Skip to the content.

LevelDB

LevelDB is a Google-created, key-value database. It maps string keys to string values and stores them in byte arrays. It doesn’t have a command line interface, and it is not relational like SQL databases. It’s goal is to be simple and provide fast, sequential reads over the data.

LevelDB is used in the Chrome browser and in Chrome-based apps/extensions. While there are programming libraries (e.g. python’s leveldb and golang’s goleveldb) and forensic tools (e.g, hindsight) that can access and read the databases, using them alone can leave a lot of information behind.

The database uses snappy compression, so key word searches may not result in matches if your tool set doesn’t first decompress them. However, the log files, which contain uncommitted data, are not compressed and it is keyword hits in these files that first brought the database to my attention.

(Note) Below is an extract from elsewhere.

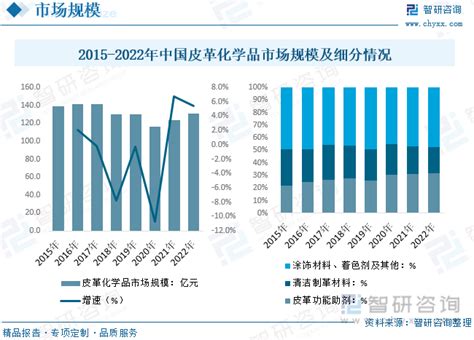 2022年中国皮革行业经营现状与出口情况分析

This explanation is primarily designed to help you recognize a LevelDB implementation and explain what you can expect to find in it’s various files.

Structure

The database is not composed of one file, but many. They work together to provide fault tolerance and create an ordered structure.

Analysis

From the structure, one can see that the log files contain recent database changes and the sorted table files contain previous commits to the database. Opening the database programmatically will cause changes to these files and you may miss valuable data.

I recently found Discord chat messages in a LevelDB log file, but upon opening the database, the chat content wasn’t present. This means that in the log, the data was added, and then deleted before being committed to sorted tables, and had I only studied the open database data, I would have missed the chat.

That said, there is always value in seeing the data as intended. Just make sure your are operating on a copy of the data.

Examining Individual Database Files vs Opening the Database

To collect the most data from a LevelDB, the individual components need to be read and then considered as a whole. A read of the Info logs will quickly demonstrate how the database is recording and deleting values on an ongoing basis, but it is doing so by writing the changes (additions and deletions) to the log files before committing the changes to the sorted tables. However, opening the database merges

Log File Analysis

Log files are not compressed and can be interpreted in a hex editor. The file format is partially documented by Google.

Generally, the data is recorded in the format of:

The documentation clearly defines the record header format, but not the data format. I have observed a pattern of start-byte (\x01), length, key content, length, value content, but it is a little more complex.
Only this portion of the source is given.